*** Block opens ***

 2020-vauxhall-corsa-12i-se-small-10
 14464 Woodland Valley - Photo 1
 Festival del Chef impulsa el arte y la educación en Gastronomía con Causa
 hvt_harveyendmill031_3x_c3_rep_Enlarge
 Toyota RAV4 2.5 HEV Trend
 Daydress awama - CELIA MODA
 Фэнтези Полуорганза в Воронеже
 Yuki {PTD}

*** Block closes ***
*** Block opens ***

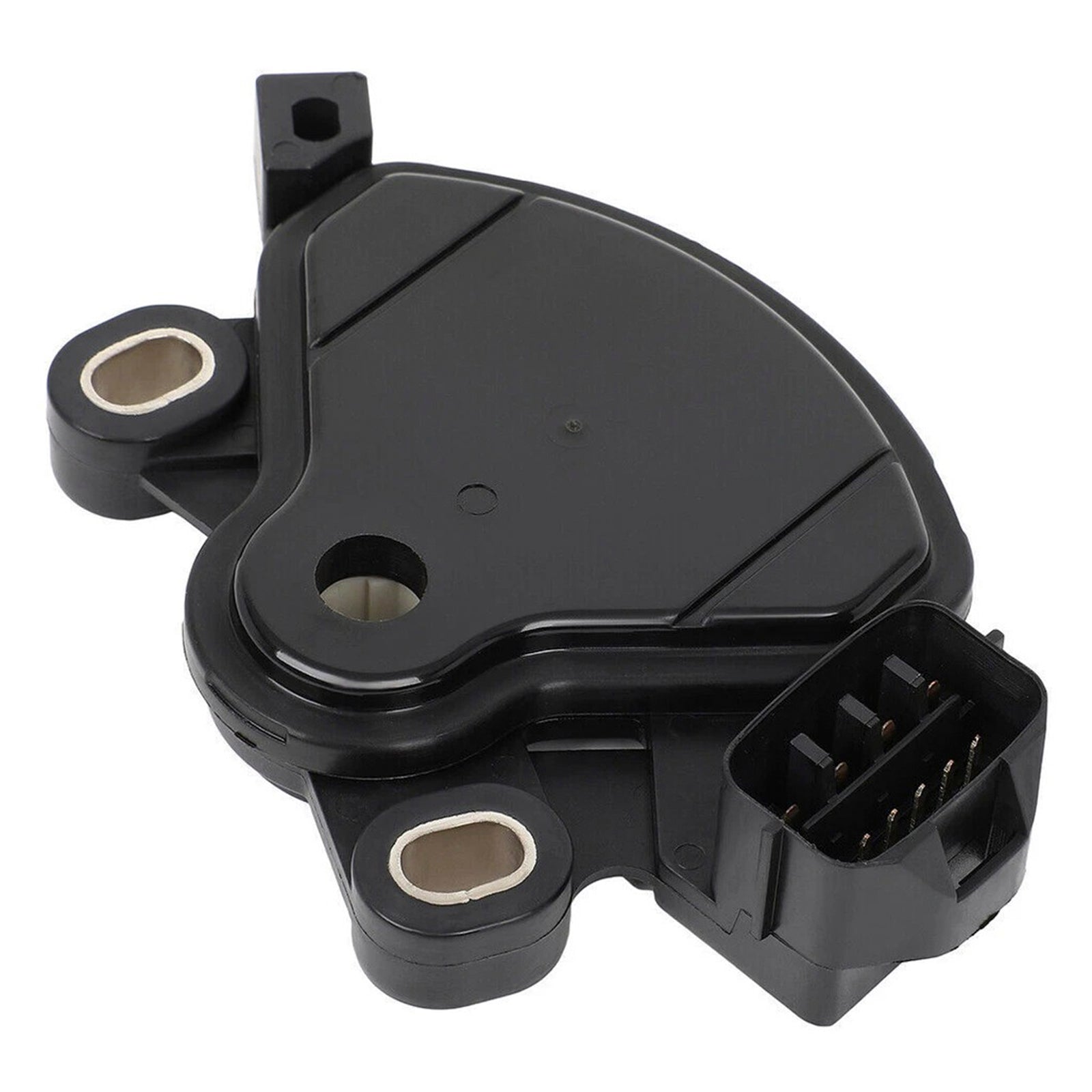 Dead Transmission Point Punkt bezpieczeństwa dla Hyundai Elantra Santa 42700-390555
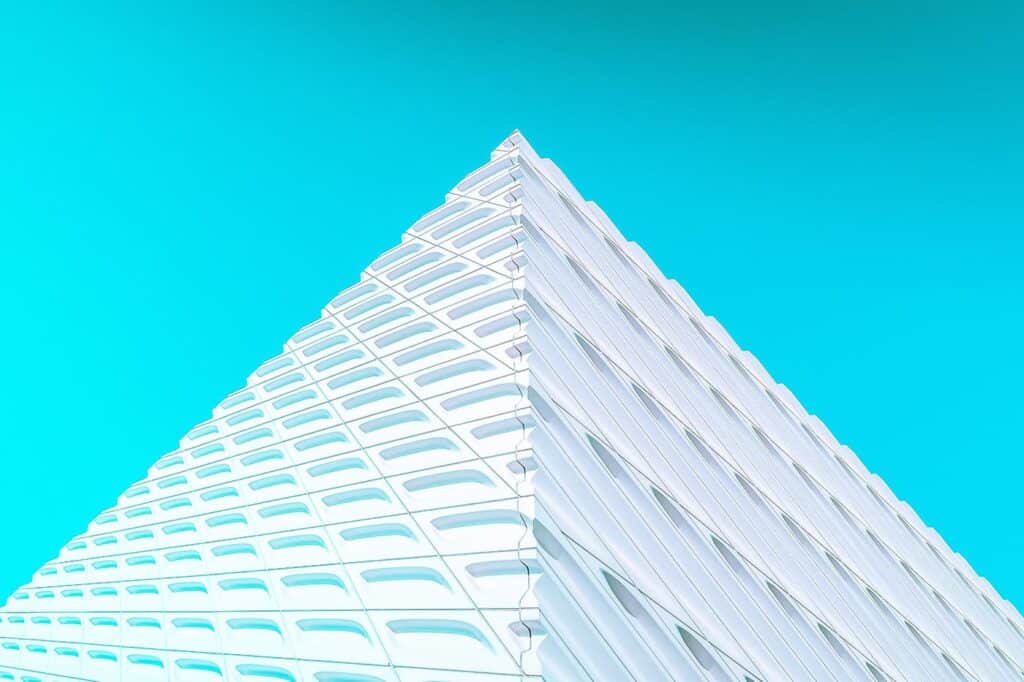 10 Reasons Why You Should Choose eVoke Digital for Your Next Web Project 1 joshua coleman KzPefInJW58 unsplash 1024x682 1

*** Block closes ***

WHAT YOU NEED TO DO> Above are some records. Output exactly the lines from the one that contains "Dead Transmission Point" to the one that contains "10 Reasons Why", keeping both, and omit the pictures.

REPLY>
 Dead Transmission Point Punkt bezpieczeństwa dla Hyundai Elantra Santa 42700-390555
 10 Reasons Why You Should Choose eVoke Digital for Your Next Web Project 1 joshua coleman KzPefInJW58 unsplash 1024x682 1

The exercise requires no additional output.